● Activity:
Copying exactly, give the lines in the material below from the one with "New Era Kids'" to the one with "Science-Fiction - Kosmische", ends included, and nothing besides.

● Available records:
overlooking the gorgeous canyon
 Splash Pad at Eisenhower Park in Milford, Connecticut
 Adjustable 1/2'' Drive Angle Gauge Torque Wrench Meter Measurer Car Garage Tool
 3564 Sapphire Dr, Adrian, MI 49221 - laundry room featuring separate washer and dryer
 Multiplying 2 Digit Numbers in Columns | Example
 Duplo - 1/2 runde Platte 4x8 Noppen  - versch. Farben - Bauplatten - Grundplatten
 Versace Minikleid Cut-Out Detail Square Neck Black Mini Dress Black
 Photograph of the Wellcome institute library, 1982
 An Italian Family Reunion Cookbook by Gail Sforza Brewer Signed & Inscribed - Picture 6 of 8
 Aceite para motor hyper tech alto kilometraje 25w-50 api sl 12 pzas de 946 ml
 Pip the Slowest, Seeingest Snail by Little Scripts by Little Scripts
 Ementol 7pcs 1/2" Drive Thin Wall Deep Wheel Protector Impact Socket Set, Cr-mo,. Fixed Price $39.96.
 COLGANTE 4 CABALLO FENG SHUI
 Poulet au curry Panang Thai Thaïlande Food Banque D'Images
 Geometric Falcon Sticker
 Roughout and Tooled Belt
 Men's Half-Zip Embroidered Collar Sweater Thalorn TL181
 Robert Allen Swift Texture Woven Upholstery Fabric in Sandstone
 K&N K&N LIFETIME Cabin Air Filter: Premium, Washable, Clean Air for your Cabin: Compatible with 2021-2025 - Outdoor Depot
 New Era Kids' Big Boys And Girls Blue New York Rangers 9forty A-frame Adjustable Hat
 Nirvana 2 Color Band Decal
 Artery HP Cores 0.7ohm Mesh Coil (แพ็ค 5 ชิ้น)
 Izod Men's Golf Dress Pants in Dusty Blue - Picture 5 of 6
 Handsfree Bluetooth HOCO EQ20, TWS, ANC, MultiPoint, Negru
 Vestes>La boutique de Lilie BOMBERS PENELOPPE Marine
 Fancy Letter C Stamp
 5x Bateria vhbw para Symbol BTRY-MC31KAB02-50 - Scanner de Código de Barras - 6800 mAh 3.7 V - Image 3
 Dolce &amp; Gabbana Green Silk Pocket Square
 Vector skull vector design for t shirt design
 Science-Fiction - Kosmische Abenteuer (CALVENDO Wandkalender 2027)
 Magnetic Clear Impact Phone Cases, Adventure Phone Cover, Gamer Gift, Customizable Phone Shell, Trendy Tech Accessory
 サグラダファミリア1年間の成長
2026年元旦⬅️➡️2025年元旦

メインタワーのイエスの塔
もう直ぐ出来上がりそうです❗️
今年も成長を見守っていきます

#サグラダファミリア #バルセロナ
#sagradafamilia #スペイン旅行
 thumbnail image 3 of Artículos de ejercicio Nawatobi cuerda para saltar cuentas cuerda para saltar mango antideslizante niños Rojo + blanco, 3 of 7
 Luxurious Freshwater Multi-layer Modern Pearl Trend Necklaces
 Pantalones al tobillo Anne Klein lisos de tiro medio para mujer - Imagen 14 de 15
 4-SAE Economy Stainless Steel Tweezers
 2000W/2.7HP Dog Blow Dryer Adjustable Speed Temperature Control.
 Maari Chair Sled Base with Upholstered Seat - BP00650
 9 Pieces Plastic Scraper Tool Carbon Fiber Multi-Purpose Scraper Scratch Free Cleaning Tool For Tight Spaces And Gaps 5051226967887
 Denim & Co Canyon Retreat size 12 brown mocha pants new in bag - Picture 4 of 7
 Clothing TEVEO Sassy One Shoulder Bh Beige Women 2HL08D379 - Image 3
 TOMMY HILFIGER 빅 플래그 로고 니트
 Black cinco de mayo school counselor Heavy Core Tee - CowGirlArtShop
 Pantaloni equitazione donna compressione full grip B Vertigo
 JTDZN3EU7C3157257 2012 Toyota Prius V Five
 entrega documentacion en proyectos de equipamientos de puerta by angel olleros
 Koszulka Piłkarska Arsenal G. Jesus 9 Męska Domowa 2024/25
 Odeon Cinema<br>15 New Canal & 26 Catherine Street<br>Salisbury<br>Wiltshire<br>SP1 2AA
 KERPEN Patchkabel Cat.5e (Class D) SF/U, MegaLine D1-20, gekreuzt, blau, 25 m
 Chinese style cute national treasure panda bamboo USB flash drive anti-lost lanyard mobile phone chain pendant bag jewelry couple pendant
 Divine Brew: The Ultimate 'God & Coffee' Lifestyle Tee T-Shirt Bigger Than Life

● Solution to the problem:
 New Era Kids' Big Boys And Girls Blue New York Rangers 9forty A-frame Adjustable Hat
 Nirvana 2 Color Band Decal
 Artery HP Cores 0.7ohm Mesh Coil (แพ็ค 5 ชิ้น)
 Izod Men's Golf Dress Pants in Dusty Blue - Picture 5 of 6
 Handsfree Bluetooth HOCO EQ20, TWS, ANC, MultiPoint, Negru
 Vestes>La boutique de Lilie BOMBERS PENELOPPE Marine
 Fancy Letter C Stamp
 5x Bateria vhbw para Symbol BTRY-MC31KAB02-50 - Scanner de Código de Barras - 6800 mAh 3.7 V - Image 3
 Dolce &amp; Gabbana Green Silk Pocket Square
 Vector skull vector design for t shirt design
 Science-Fiction - Kosmische Abenteuer (CALVENDO Wandkalender 2027)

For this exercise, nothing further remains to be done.